Several of them turned quite pale at that threat. Throats went dry, and they gulped saliva to ease themselves, before they began to bay a chorus of expostulation in noisy competition with each other.

Guineaman and another of Finney's ships waiting at Walker's Cay; his agent Runyon ashore, serving up free rum to all to keep them hot; Nassau whores at bargain prices for those with money; cargoes piled up waiting to be smuggled into ports all across the Caribbean; Finney, yes, it was Finney, it was always 'Calico Jack' Finney!

"Mister Parham, Mister Early, Mister Woods," Ballard beckoned to bis more literate fellows who had good handwriting skills."Dry work for us, I fear. We'll separate those that sound eager to talk, and get it all down on paper, with their signatures or marks made against their confessions, before we rejoin Alacrity. Mister Odrado? Do you go into Sarah and Jane and get her underway, out to sea. Soon as we have this vessel squared away, we'll follow you."

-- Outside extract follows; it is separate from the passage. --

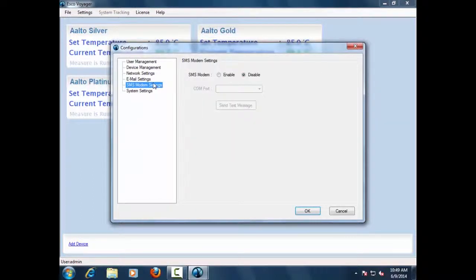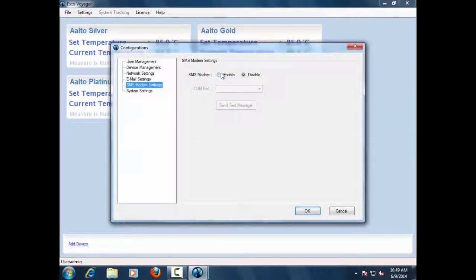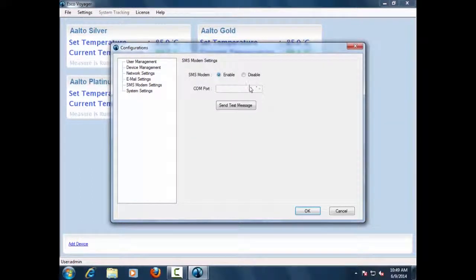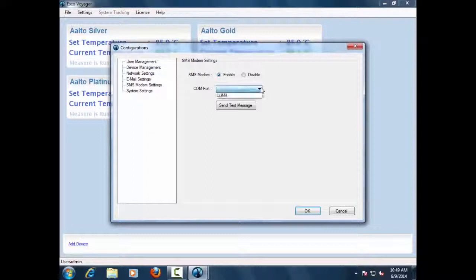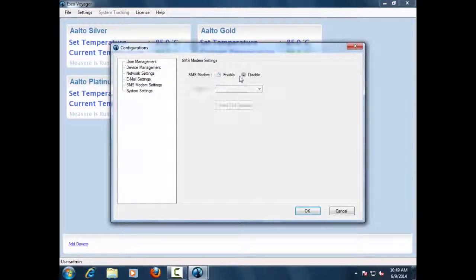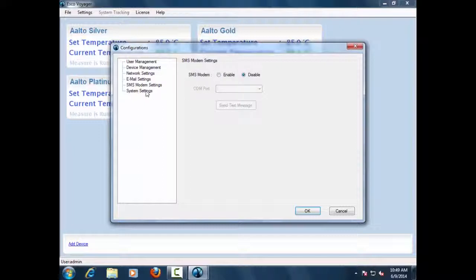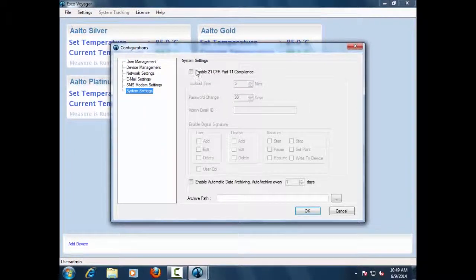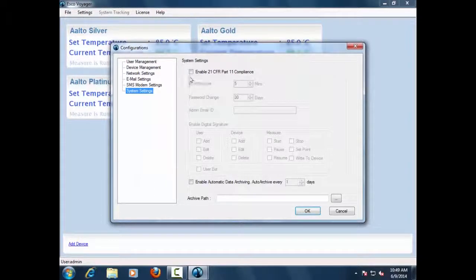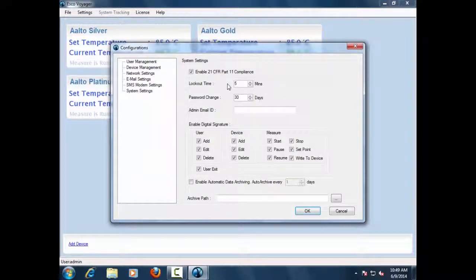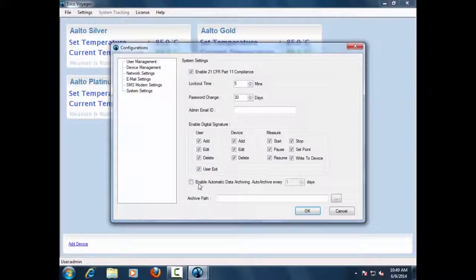SMS Modem Settings. This tab consists of settings that will help Voyager application send SMS alerts to the designated users. System Settings. This tab consists of settings that will help Voyager with 21 CFR Part 11 settings and data backup settings.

And, to the amazement of all who were familiar with the taciturn first officer, Arthur Ballard actually cackled out loud with glee!

Chapter 8

Whippet and Alacrity fell upon the anchorage just at the break of dawn the next morning. Sou'west down Walker's Cay Channel, east through the upper passage above the shoal; Whippet taking position to block the southern pass this time, much closer to the island, and Alacrity given the task of scouring the moored vessels, after she had landed Lieutenant Pomeroy and his Marines in the twenty-one-foot-deep oval tongue of water to the east between Walker's Cay and Grand Cay. With most of the ships' boats used, they landed on the eastern tip in the dark, after a two-mile row in from the hasty anchorage, and a slow march down the three-quarter-mile length of the isle to take the camp unawares from an unexpected quarter.